What does the Exelon-PHI merger mean for Maryland?

Exelon-Pepco Holdings Inc. merger filing

On August 19, Exelon and Pepco Holdings Inc. (PHI) filed an application seeking approval of their proposed merger with the Maryland Public Service Commission (PSC). The companies announced their proposed merger on April 30.

 

    The combination will bring together Exelon’s three top-performing electric and gas utilities — BGE, ComEd and PECO — and PHI’s three utilities – Pepco, Atlantic City Electric and Delmarva Power to create the leading mid-Atlantic electric and gas utility.

 

    The submission of the filings initiates the regulatory approval process in Maryland and includes exhibits and testimony that detail the customer, community and economic benefits that would result from the merger.

Merger will deliver direct benefits to Pepco and Delmarva Power customers and communities

The proposed merger will deliver direct benefits for Pepco and Delmarva Power customers in Maryland.

 

    Upon closing of the merger, Exelon will provide an aggregate amount of $40 million for a Customer Investment Fund in the Pepco and Delmarva Power service territories in Maryland, based on the number of customers each utility has in Maryland. The Customer Investment Fund is to be used as the PSC deems appropriate for customer benefits, such as bill credits, assistance for low income customers and energy efficiency measures.

 

    Exelon shares Pepco and Delmarva Power’s commitment to the local communities it serves. In Maryland, Exelon has committed to provide an annual average of charitable contributions and local community support that exceeds Pepco and Delmarva Power’s 2013 level of $623,000. Pepco and Delmarva Power have historically made contributions in Maryland to support local organizations and initiatives.

 

    Exelon proposed measures to effectively insulate Pepco and Delmarva Power from potential financial risks of other Exelon businesses, known as “ring-fencing.” These measures are described in detail in the filing.


Local jobs and headquarters will be maintained

Exelon has committed to maintain operational headquarters for all three PHI utilities, including Pepco in D.C., and Delmarva Power in Newark, Del.; to no net involuntary merger-related job losses at Pepco and Delmarva Power for at least two years after the merger; and to honor all collective bargaining agreements.

At the close of the merger, Dave Velazquez, currently executive vice president, PHI Power Delivery, will become president and chief executive officer of the PHI utilities. Donna Cooper (Pepco) and Gary Stockbridge (Delmarva Power) will also remain with the company as regional presidents.

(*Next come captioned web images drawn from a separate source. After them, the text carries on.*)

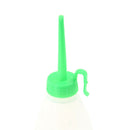 2pcs Clear White Needle Nozzle Plastic Sewing Machine Oil Bottle 50ml ATME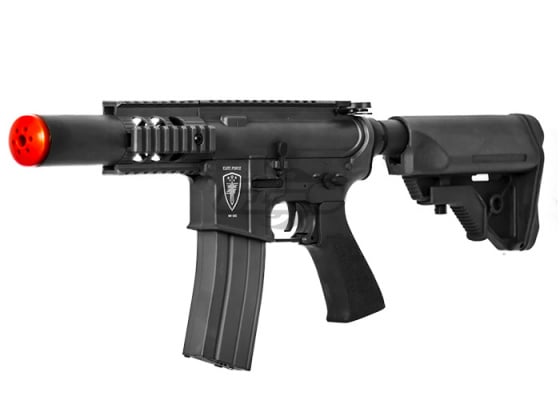 Elite Force Competition M4 CQC Carbine AEG Airsoft Gun ( Black )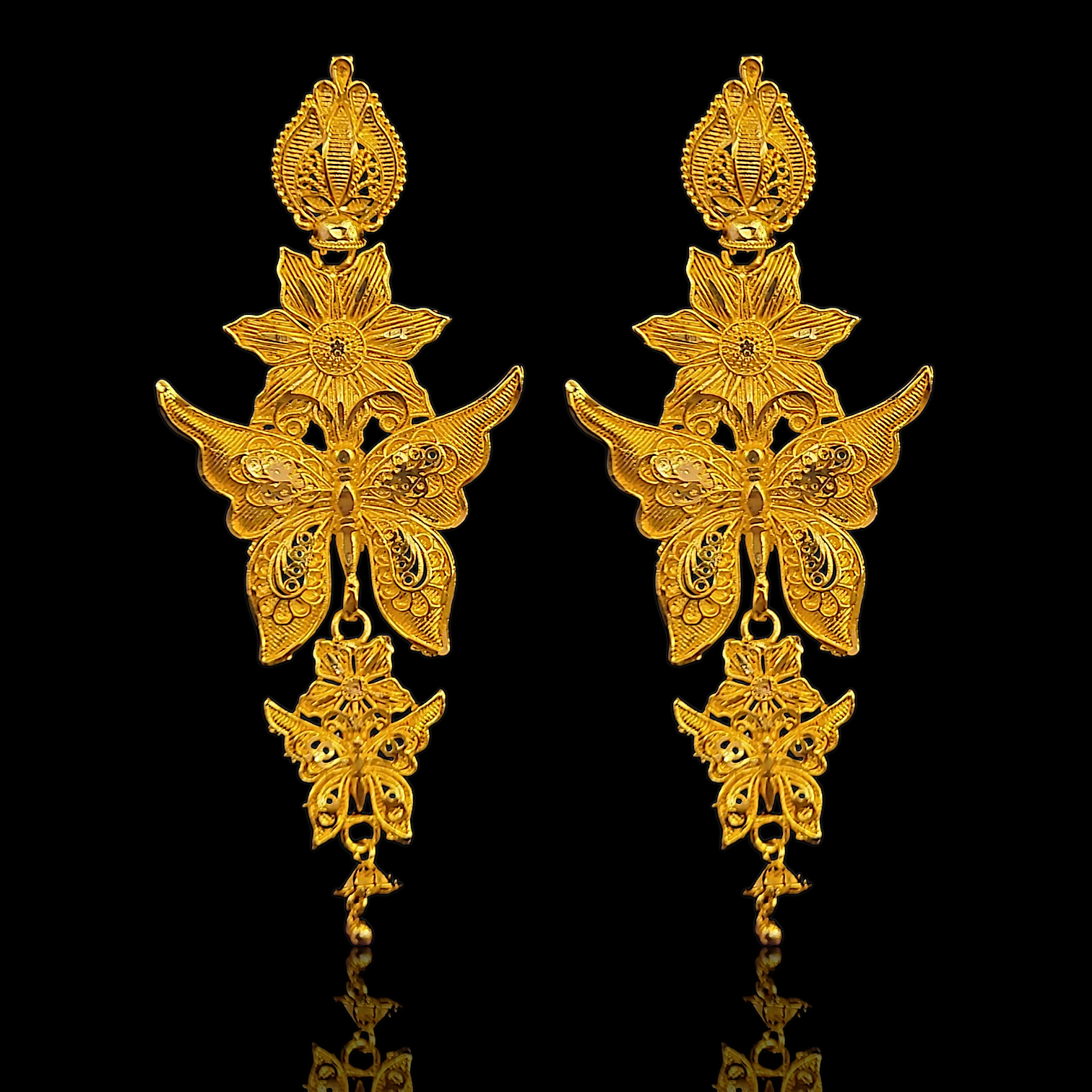 Long Butterfly Kanbala - My Golden Wish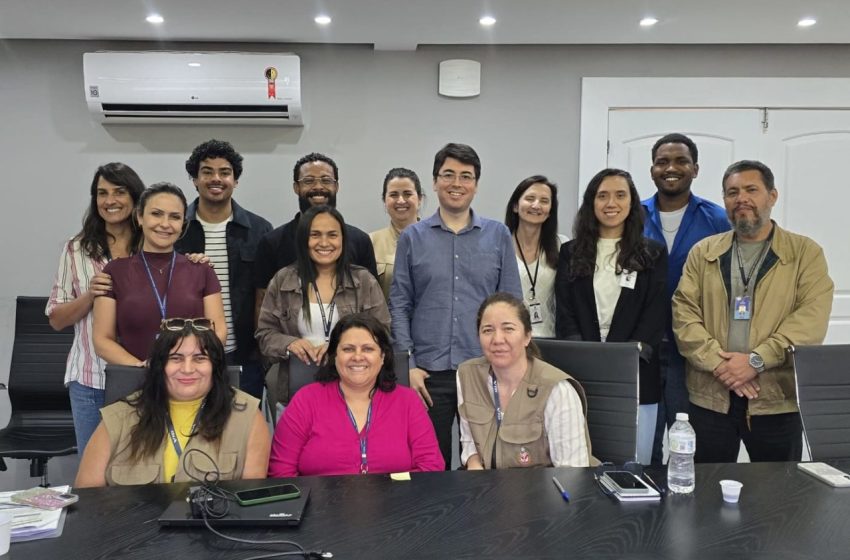  Cajamar realiza reunião com representantes do Estado para alinhamento do Programa SuperAção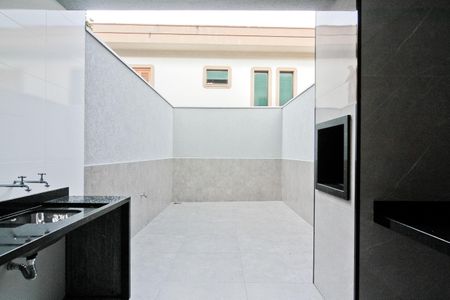 Casa à venda com 160m², 3 quartos e 2 vagasÁrea de Serviço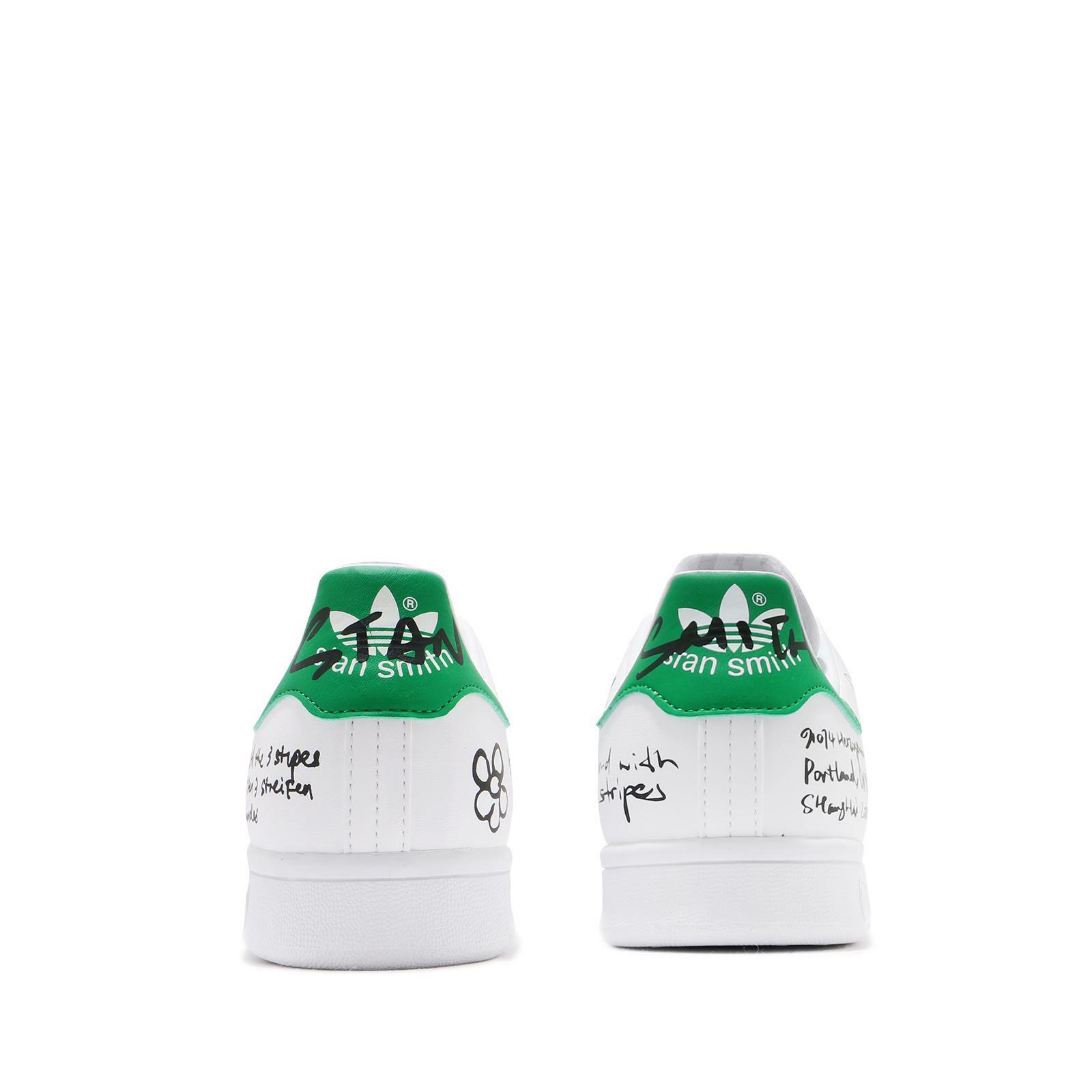 Size 9.5 - adidas Stan Smith Sharpie Pack - Graffiti White Green 2021 for  sale online | eBay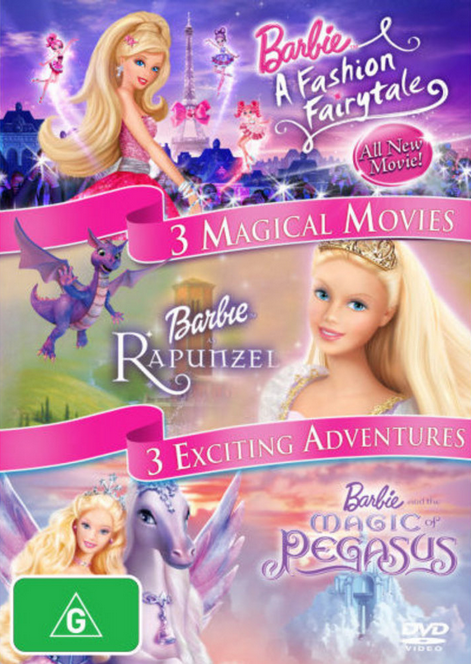 Barbie And The Magic Of Pegasus Merchandise Barbie Movies Wiki Fandom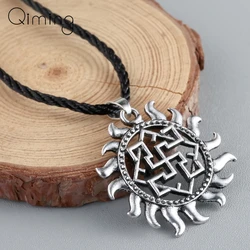 Valkyrie Symbol Pendant Necklace Men Viking Scandinavian Amulet Wholesale Fashion fashion Slavic Jewelry Women Necklaces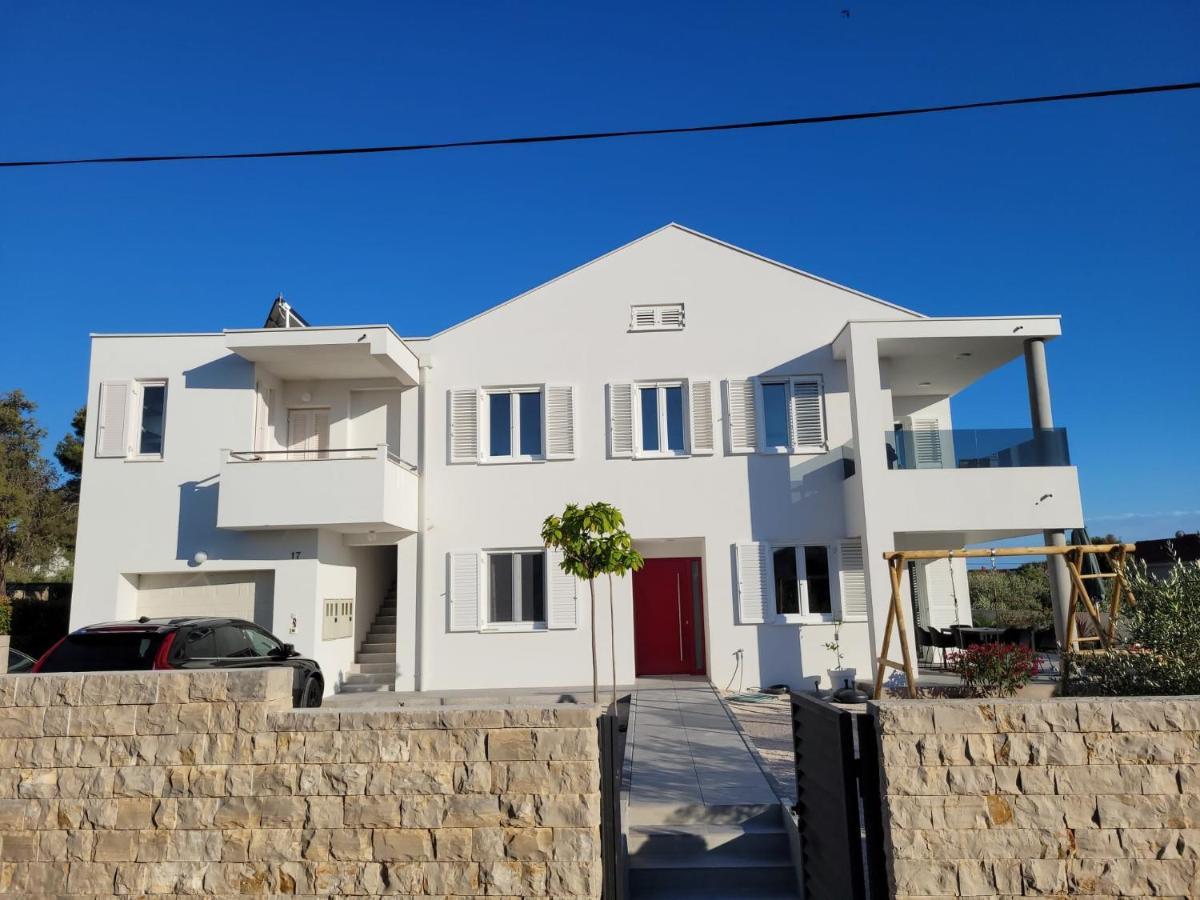 Haus Dalmatia With Heated Pool Apartment Bibinje Luaran gambar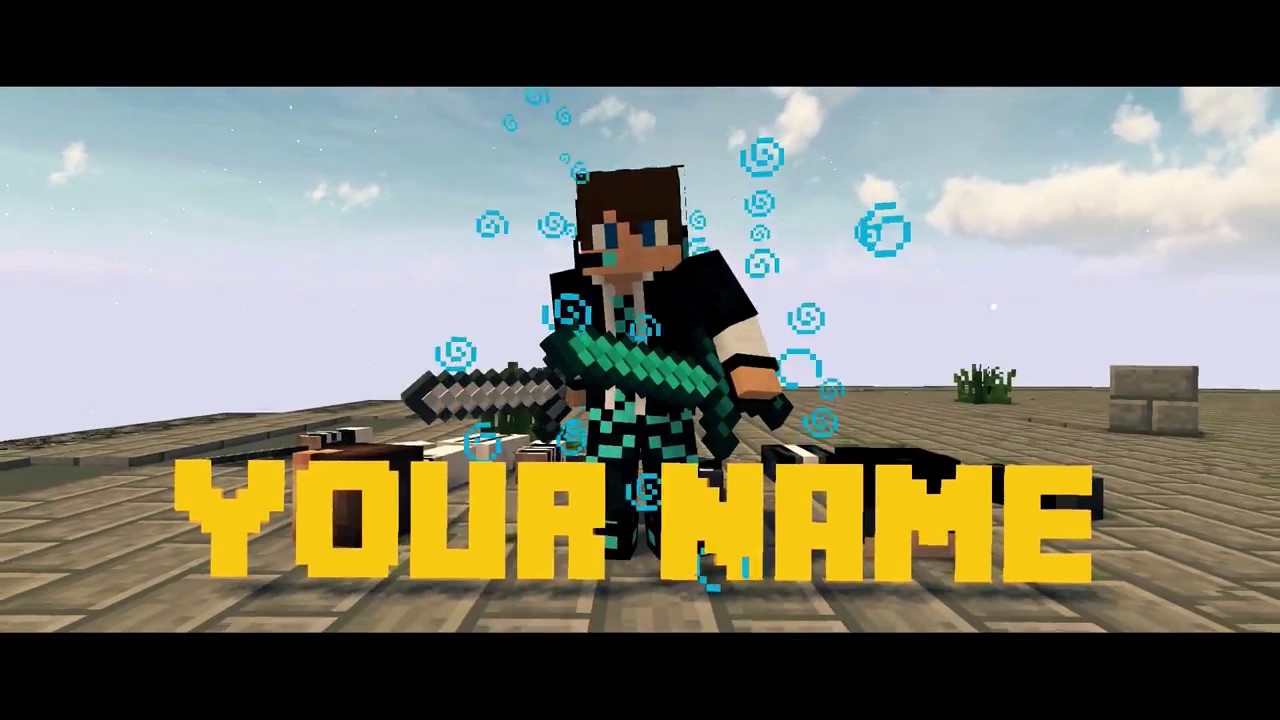 Free Top 5 Intro Templates (Mine-imator (Community Build) / Mine-imator)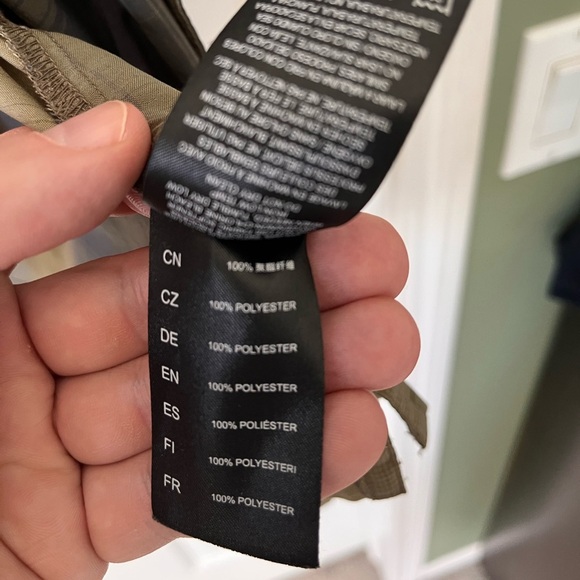 Mens Kuhl Response Short Sleeve Button Up Shirt Medium - Picture 9 of 9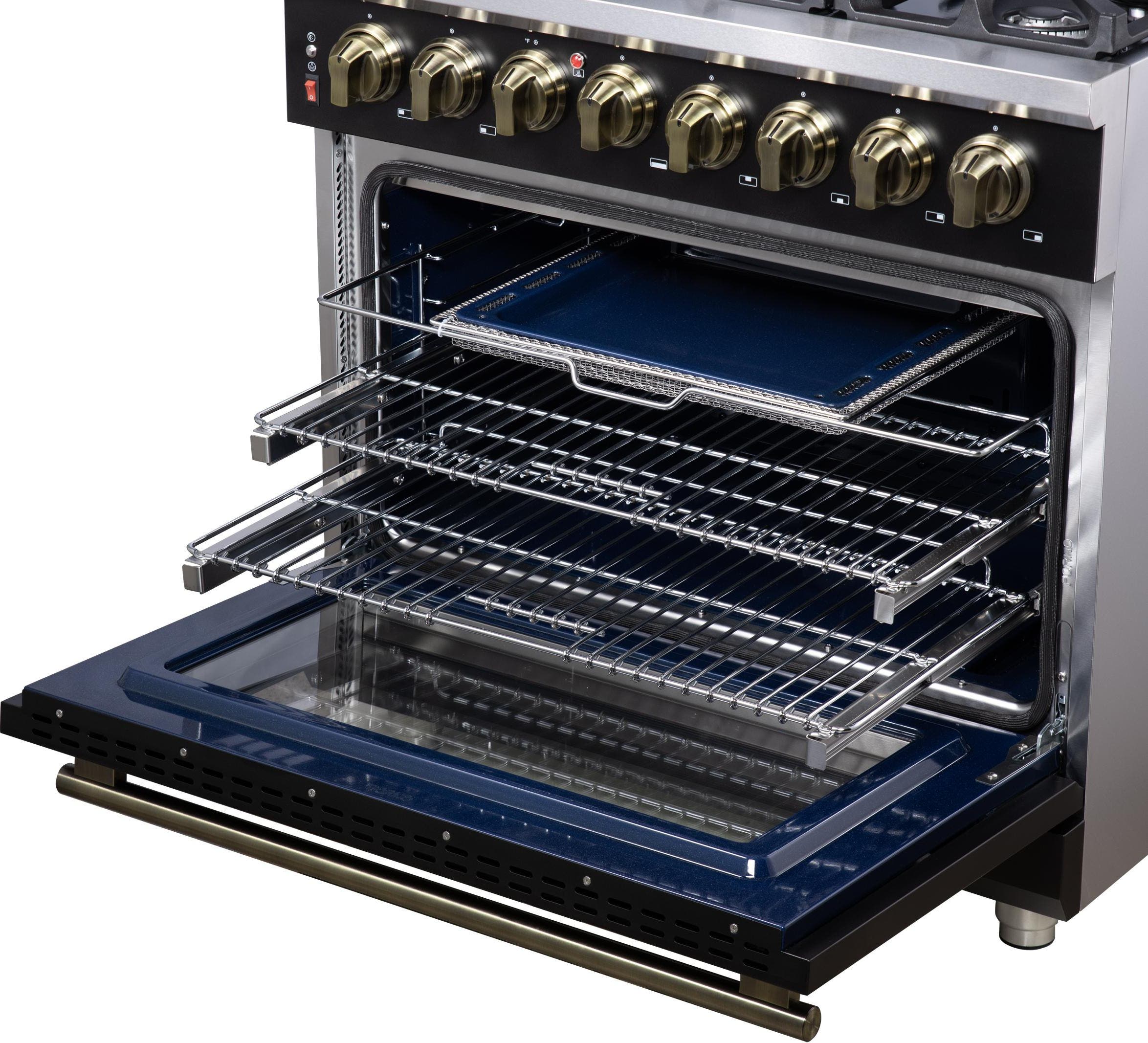 Forno FFSGS612536BLK Black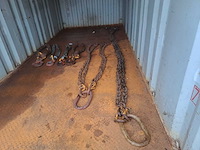 20 ft container met slede - afbeelding 8 van  10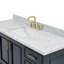Ensemble de meuble-lavabo simple 61 po Abshire-93359271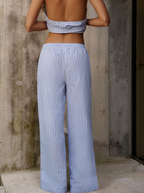 Blue Stripes Pants
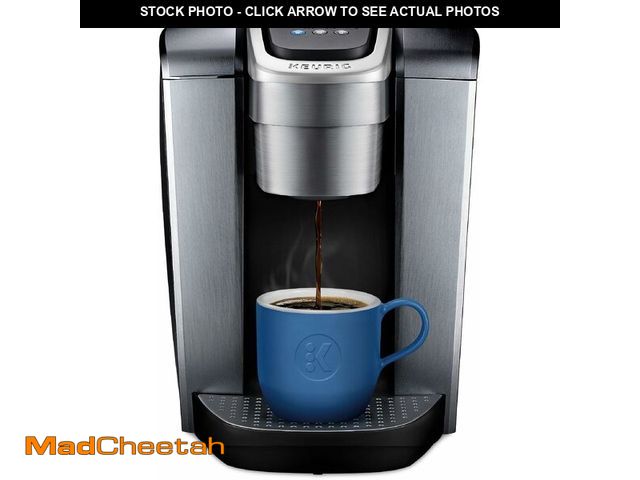 Lot 74-12827915 - Keurig K-Elite Single Serve K-Cup Pod Coffee Maker, with Strength and Temperature Control, Iced Coff...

PHI’s strong commitment to workforce- and supplier-diversity programs will be honored and maintained.

Commitment to build on reliability improvements with new, more stringent targets

Exelon and PHI are committed to maintain the significant reliability improvements under way for Pepco and Delmarva Power and have proposed more stringent targets.

 

    The companies are committed to exceeding the PSC’s reliability standards and further commit that by 2020:

 

    Delmarva Power’s outage frequency in its Maryland service territory will not exceed 1.22, representing a nearly 40 percent improvement compared with the 2011-2013 period. Average outage duration will not exceed 118 minutes, representing a more than 53 percent improvement compared with the 2011-2013 period.

 

    Pepco’s average outage frequency in its Maryland service territory will not exceed 1.00, representing a 38 percent improvement compared with the 2011-2013 period. Average outage duration will not exceed 101 minutes, representing a nearly 43 percent improvement compared with the 2011-2013 period.

 

    Compliance with these commitments will be based on a three-year historical average (2018-2020) to account for any abnormal weather variability that may occur in a given year.

 

    Exelon has offered to be subject to financial penalties if Pepco and Delmarva Power do not meet their targets.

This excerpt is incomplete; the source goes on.